ミニ・レビュー
2002年と2003年にリリースしたインディ盤よりセレクトしたプレ・メジャー・デビュー作。決して洗練された音ではないが、武骨なグルーヴや飾り気のない歌がかえって、このバンドのささやかな心象風景を鮮明にイメージさせる。“和”の雰囲気も心地よい。
ガイドコメント
聴覚と視覚を同時に刺激するライヴで人気の高い彼ら。メジャー第1弾となる本作は、インディーズ時代のミニ・アルバム2枚から7曲を選び、録音し直したもの。「茜色の夕日」は必聴だ。
収録曲
01茜色の夕日
聖歌的なオルガン調のキーボードが曲を優しく包む、ほんのり温かみが宿る郷愁歌。夕日が無責任に駆け巡らせるさまざまな想いは多種多様だが、それらを上手に真空パック。その光と似通ったぼんやりとした語り口には、言葉で表現できない感情があふれていて、思わず心をつかまれる。曲全体のムード作りが素晴らしい名曲だ。
02花屋の娘
男の妄想ムンムンで駆ける恋物語。
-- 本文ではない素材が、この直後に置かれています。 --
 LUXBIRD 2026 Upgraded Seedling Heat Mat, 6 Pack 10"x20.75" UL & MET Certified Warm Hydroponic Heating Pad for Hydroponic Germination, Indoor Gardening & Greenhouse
そのヒロインは、上品で艶かしいフラワー・ドール。小気味良く跳ねる鍵盤と併走するカッティング・ギターが絡み合っての爽快グルーヴは、ちょっぴりダークな味付け。詞の退廃ぶりとマッチして、疾走感はさらに加速して止まらない。ブレイクのきっかけにもなった彼らの代表曲。
03線香花火
タイトルからしんみり系と思いきや、裏腹にファンクなロック・ナンバー。リズミカルでトリッキーなビートを作り出すベースと小突くようにワウを効かせるギターが主役。それでいて胸をかきむしるような節も登場する、奥深い偏屈さ。うつむいたアナタへの励ましとも自分へのメッセージとも取れる、ある意味自分勝手ソング。
04ダンス2000
つまらないプライドを持った現代人に、直撃気味に捧ぐダンス・ナンバー。ベースはクールにラインを辿り、電子狂鍵盤はミラーボールばりにギラついて、ダンスを誘う。足踏みもいいけど、道を切り拓くにはいいかげん振り切って踏み出してみたら? 乱暴な言い方をすれば、そんなメッセージが込められた警鐘歌。
05環状七号線
やるせなさやもどかしさの気持ちを抱えて、環状七号線をひた走る男。その孤独と黄昏れっぷりがやけに生々しくて、つい浸ってしまう。自暴自棄な気持ちが延々と巡る独りの時間の繊細な心模様というのは、人それぞれで非常に滑稽だ。人それぞれであるはずなのに感情移入してしまう魅力にあふれた楽曲だ。
06浮雲
途方に暮れる男のさまを、浮雲にたとえた情緒ある悲恋ソング。繰り出される根深いダウナー・ビートは、絶望感たっぷりに胸に突き刺さってくる。泣きのメロディは、未練がましく惑う感情をつぶさに表現している。自分自身に向けて発せられる、物憂げな叫びがなんとも切なく痛い。孤独が全面に浮き出たような、ムード作りも秀逸だ。
07笑ってサヨナラ
失恋。その後に自責の念にかられた男は悩み、果てしない渦の中をぐるぐると廻る。答えの出ない答えに迷う。そんなもがき苦しむさまを描いた、7分にも及ぶ大作。禅問答のような詞は気持ちがストレートにあらわれていて、わざとらしくない。すさんだ心をいたわるような優しいメロディに、思わず涙腺が緩んでしまう。